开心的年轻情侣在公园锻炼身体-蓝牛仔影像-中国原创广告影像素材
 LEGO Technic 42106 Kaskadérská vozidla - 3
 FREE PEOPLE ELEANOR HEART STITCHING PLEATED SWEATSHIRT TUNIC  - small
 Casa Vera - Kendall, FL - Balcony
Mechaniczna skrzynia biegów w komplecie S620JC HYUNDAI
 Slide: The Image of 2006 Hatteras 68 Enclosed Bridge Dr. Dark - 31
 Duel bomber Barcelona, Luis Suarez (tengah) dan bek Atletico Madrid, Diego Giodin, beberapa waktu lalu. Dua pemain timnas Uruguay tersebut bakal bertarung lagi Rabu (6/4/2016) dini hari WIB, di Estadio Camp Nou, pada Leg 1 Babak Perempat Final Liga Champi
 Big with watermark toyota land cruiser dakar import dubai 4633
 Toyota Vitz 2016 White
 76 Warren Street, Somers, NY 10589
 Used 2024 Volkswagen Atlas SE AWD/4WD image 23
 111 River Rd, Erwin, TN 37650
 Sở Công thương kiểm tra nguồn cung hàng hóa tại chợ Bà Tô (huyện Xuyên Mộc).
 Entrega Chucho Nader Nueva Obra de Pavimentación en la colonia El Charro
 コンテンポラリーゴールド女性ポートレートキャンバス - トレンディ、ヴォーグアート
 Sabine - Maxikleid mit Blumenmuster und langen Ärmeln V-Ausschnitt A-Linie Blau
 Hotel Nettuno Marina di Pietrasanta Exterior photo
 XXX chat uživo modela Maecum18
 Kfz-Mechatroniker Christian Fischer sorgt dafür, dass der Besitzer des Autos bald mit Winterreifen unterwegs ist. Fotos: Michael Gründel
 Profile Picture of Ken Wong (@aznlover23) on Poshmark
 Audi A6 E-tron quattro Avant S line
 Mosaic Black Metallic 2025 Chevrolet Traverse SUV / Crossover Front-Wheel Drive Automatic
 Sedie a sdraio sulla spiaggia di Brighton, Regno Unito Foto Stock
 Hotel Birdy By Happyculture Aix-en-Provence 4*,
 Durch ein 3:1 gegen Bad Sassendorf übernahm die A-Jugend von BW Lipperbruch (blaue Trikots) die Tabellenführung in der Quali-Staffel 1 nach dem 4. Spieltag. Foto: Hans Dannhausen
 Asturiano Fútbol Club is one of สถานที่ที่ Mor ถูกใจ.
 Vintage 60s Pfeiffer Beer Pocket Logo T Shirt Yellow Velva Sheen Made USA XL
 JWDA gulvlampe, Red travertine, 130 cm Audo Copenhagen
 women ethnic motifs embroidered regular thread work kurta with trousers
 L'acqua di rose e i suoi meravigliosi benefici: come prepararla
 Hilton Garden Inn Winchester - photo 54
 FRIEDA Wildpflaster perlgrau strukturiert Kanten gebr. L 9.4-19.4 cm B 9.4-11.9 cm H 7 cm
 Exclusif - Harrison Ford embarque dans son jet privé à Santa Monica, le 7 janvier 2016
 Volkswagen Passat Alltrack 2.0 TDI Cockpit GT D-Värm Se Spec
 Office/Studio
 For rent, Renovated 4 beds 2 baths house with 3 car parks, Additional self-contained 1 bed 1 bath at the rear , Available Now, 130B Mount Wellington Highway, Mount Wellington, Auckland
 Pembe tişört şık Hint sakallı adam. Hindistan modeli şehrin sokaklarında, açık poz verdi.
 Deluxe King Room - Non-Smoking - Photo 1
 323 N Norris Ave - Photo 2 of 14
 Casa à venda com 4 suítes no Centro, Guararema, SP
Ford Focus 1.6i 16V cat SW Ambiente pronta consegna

WHAT YOU SHOULD DO
In the listing above, find the line with "Profile Picture of" and the line with "FRIEDA Wildpflaster perlgrau". Output those two lines and every line between them, exactly as written.

REPLY
 Profile Picture of Ken Wong (@aznlover23) on Poshmark
 Audi A6 E-tron quattro Avant S line
 Mosaic Black Metallic 2025 Chevrolet Traverse SUV / Crossover Front-Wheel Drive Automatic
 Sedie a sdraio sulla spiaggia di Brighton, Regno Unito Foto Stock
 Hotel Birdy By Happyculture Aix-en-Provence 4*,
 Durch ein 3:1 gegen Bad Sassendorf übernahm die A-Jugend von BW Lipperbruch (blaue Trikots) die Tabellenführung in der Quali-Staffel 1 nach dem 4. Spieltag. Foto: Hans Dannhausen
 Asturiano Fútbol Club is one of สถานที่ที่ Mor ถูกใจ.
 Vintage 60s Pfeiffer Beer Pocket Logo T Shirt Yellow Velva Sheen Made USA XL
 JWDA gulvlampe, Red travertine, 130 cm Audo Copenhagen
 women ethnic motifs embroidered regular thread work kurta with trousers
 L'acqua di rose e i suoi meravigliosi benefici: come prepararla
 Hilton Garden Inn Winchester - photo 54
 FRIEDA Wildpflaster perlgrau strukturiert Kanten gebr. L 9.4-19.4 cm B 9.4-11.9 cm H 7 cm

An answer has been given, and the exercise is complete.